指数法則 a^b × a^c = a^(b+c) を型を使って示せ
to :: (b -> a, c -> a) -> Either b c -> a
from :: (Either b c -> a) -> (b -> a, c -> a)
を作って、 to . from = id
かつ from . to = id
を示せば良い。
to :: (b -> a, c -> a) -> Either b c -> a
to (f, g) = \x -> case x of
Left b -> f b
Right c -> g c
from :: (Either b c -> a) -> (b -> a, c -> a)

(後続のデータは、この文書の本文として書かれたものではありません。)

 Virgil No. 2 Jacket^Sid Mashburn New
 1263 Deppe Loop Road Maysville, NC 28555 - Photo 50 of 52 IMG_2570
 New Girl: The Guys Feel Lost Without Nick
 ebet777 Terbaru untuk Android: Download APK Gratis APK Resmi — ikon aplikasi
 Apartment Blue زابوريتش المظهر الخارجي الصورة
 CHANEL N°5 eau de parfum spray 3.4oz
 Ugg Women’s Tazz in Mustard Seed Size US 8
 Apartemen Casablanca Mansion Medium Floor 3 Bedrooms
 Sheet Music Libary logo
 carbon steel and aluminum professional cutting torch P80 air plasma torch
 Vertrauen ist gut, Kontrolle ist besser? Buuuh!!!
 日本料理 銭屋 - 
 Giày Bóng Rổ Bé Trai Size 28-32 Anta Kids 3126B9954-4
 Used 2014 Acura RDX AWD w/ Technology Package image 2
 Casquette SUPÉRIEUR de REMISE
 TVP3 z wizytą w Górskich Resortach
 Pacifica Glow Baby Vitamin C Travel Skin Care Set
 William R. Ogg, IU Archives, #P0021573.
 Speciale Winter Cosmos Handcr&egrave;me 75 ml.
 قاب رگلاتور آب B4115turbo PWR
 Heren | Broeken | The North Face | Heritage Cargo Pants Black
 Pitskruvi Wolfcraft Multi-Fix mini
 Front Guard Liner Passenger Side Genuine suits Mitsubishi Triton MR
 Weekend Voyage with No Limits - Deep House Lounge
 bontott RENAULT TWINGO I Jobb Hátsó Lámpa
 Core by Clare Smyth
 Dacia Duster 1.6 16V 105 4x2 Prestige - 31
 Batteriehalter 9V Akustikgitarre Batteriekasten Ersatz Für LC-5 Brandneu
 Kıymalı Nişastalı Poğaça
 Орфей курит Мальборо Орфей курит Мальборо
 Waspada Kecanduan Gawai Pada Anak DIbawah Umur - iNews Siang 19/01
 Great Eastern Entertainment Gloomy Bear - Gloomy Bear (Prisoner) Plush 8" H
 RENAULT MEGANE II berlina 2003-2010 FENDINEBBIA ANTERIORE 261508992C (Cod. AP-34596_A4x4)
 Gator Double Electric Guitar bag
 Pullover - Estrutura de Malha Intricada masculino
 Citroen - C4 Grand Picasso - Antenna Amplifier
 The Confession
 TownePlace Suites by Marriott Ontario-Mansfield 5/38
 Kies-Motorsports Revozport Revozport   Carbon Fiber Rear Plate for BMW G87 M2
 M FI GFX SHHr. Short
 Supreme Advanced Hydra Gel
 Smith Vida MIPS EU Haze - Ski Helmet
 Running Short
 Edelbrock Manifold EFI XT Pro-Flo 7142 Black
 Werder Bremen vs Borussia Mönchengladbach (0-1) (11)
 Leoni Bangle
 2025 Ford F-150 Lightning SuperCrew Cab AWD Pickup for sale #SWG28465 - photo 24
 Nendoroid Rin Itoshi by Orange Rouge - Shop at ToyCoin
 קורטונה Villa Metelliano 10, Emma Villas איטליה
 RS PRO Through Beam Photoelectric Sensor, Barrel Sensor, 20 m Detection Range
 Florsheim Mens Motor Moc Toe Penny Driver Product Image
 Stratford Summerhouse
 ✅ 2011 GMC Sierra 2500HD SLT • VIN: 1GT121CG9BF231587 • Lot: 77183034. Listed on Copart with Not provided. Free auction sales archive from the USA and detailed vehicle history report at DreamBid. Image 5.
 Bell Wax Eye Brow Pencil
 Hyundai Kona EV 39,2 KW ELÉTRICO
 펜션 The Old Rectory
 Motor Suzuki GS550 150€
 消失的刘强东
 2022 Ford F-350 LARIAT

from h = (\b -> h (Left b), \c -> h (Right c))
以下の =
は束縛とかじゃなくてプログラム運算みたいなものです
to (from h) -- f <- \b' -> h (Left b'), g <- \c' -> h (Right c') に置き換え
= \x -> case x of -- 二箇所とも簡約
Left b -> (\b' -> h (Left b')) b
Right c -> (\c' -> h (Right c')) c
= \x -> case x of -- x の中身にかかわらずそのまま値を h に与えているので、id …だよね?
Left b -> h (Left b)
Right c -> h (Right c)
= h
from (to (f, g)) -- h の出現を to (f, g) に置き換え
= (\b -> (to (f, g)) (Left b), \c -> (to (f, g)) (Right c)) -- 二箇所とも簡約
= (\b -> f b, \c -> g c) -- この形はそれぞれが id
= (f, g)